Records for processing
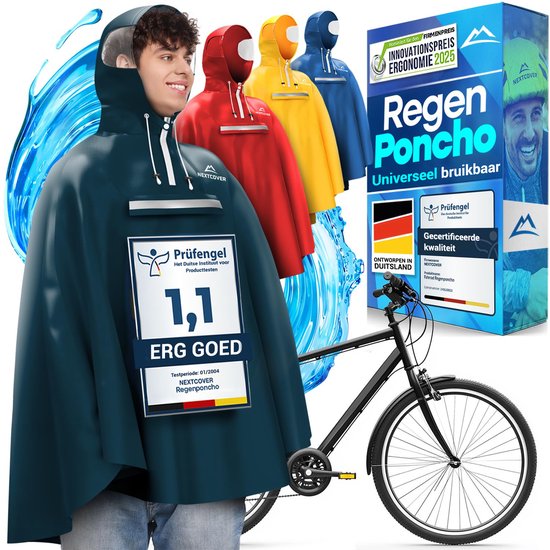 Nextcover Poncho de pluie pour femmes et hommes | Cape de pluie avec technologie AquaShield 2.0, coupe-vent et imperméable | Idéal pour le cyclisme, la randonnée et la pêche | Poncho de vélo pour adultes Unisexe | Poncho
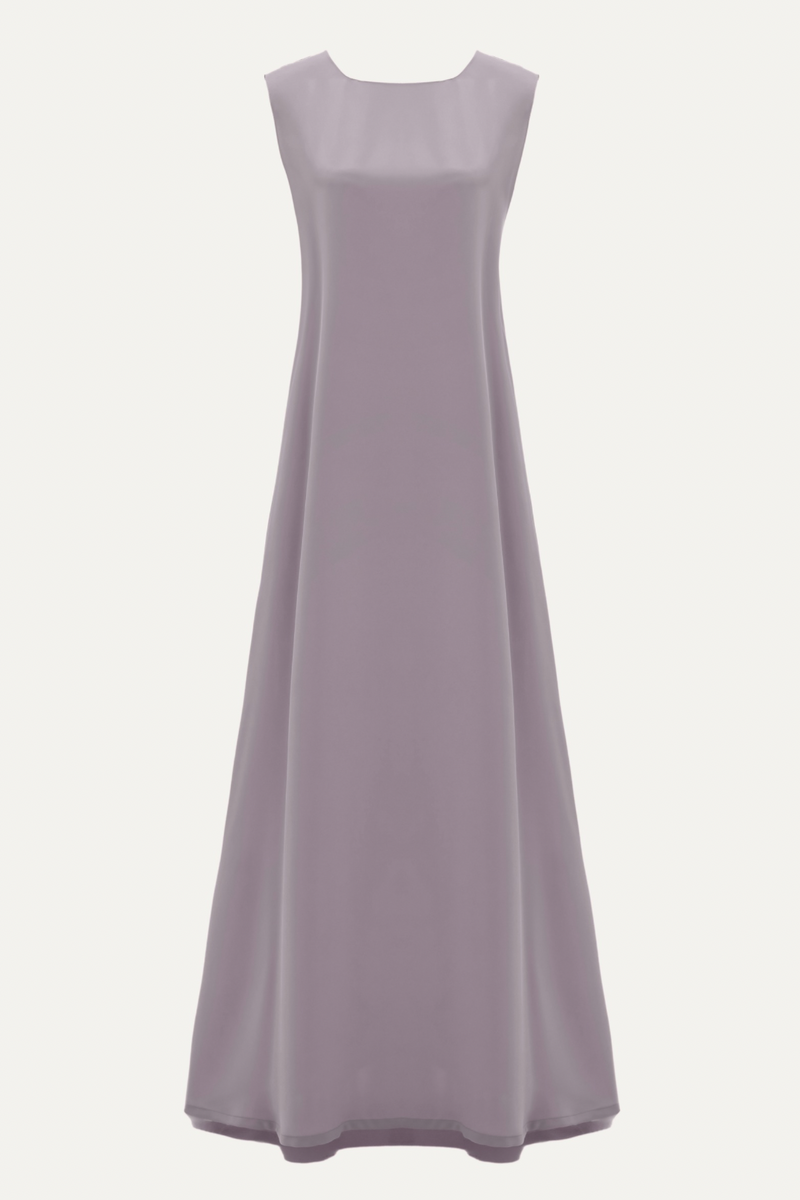 Noor abaya grey underdress with elegant inner dress design and flowing silhouette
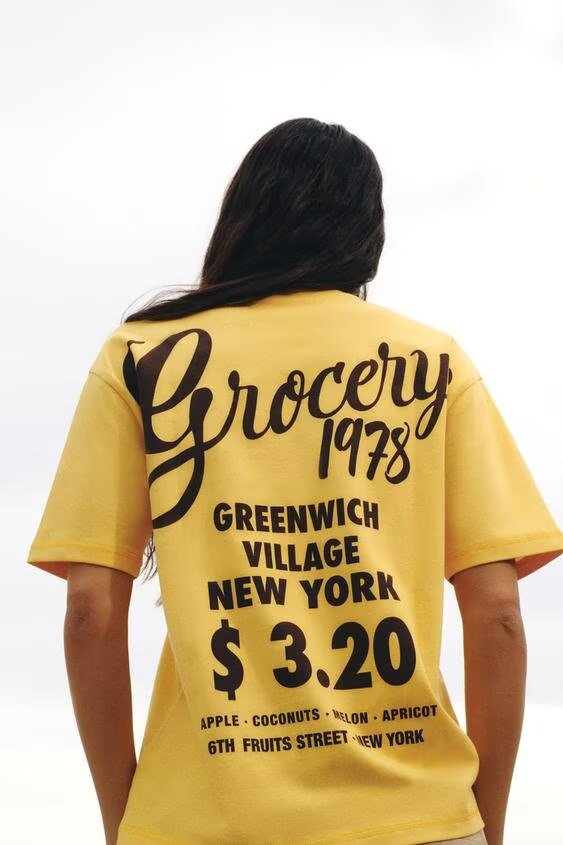 Women Clothing Summer Simple Loose All Match Printed Cotton T shirt
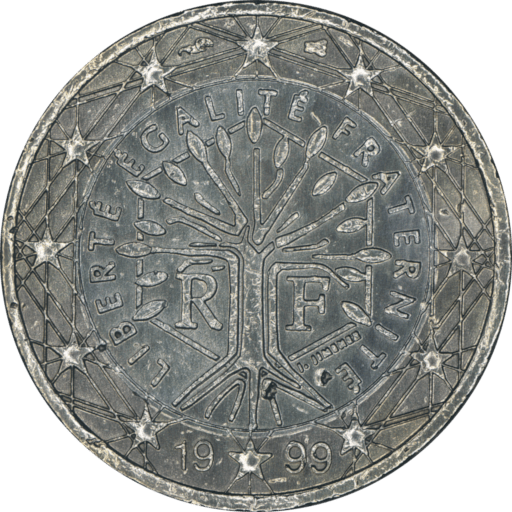 Heads side of a French 1 euro, featuring a tree surrounded by a hexagon and the words "Liberté, Égalité, Fraternité"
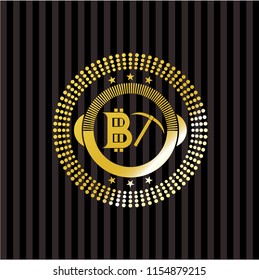bitcoin mining icon inside gold badge or emblem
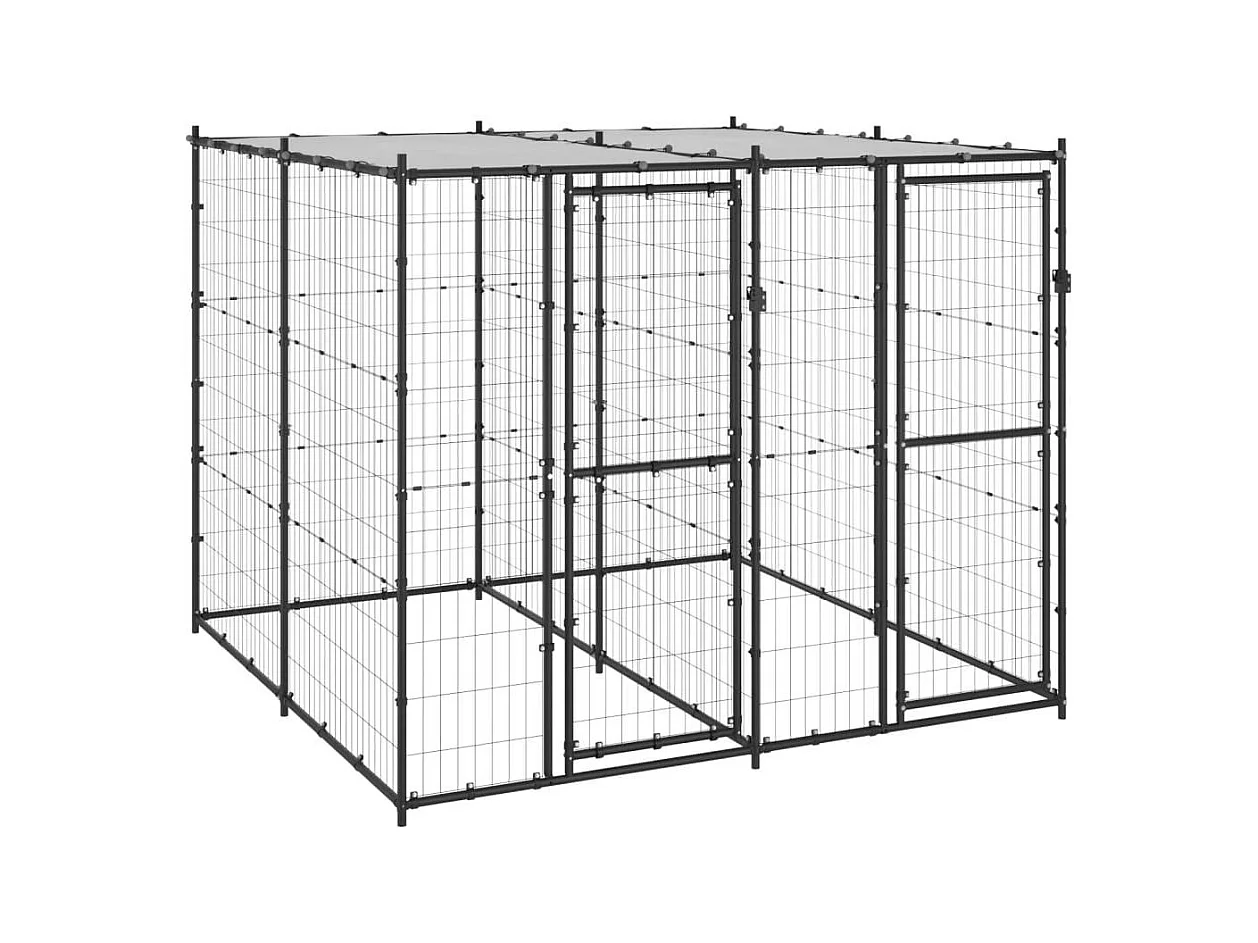 Caseta exterior para perros, jaula para parque de animales, exterior, acero, con techo, 4,84 m² 02_0000401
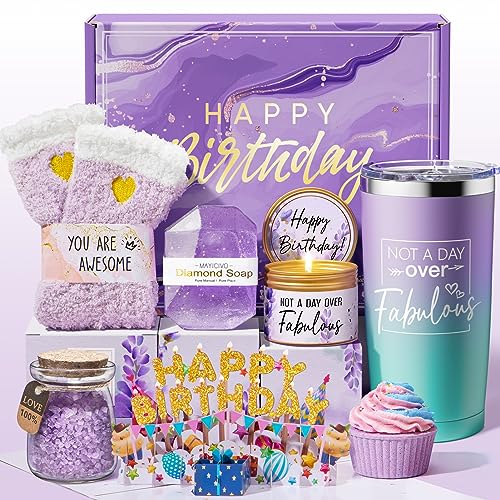 Lavender Spa Birthday Gift Box for Women | 8-Piece Self-Care Set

Problem description
Your copy of the listing should match it exactly, apart from the pictures, which are left out.

Task answer
 Nextcover Poncho de pluie pour femmes et hommes | Cape de pluie avec technologie AquaShield 2.0, coupe-vent et imperméable | Idéal pour le cyclisme, la randonnée et la pêche | Poncho de vélo pour adultes Unisexe | Poncho
 Noor abaya grey underdress with elegant inner dress design and flowing silhouette
 Women Clothing Summer Simple Loose All Match Printed Cotton T shirt
 Heads side of a French 1 euro, featuring a tree surrounded by a hexagon and the words "Liberté, Égalité, Fraternité"
bitcoin mining icon inside gold badge or emblem
 Caseta exterior para perros, jaula para parque de animales, exterior, acero, con techo, 4,84 m² 02_0000401
 Lavender Spa Birthday Gift Box for Women | 8-Piece Self-Care Set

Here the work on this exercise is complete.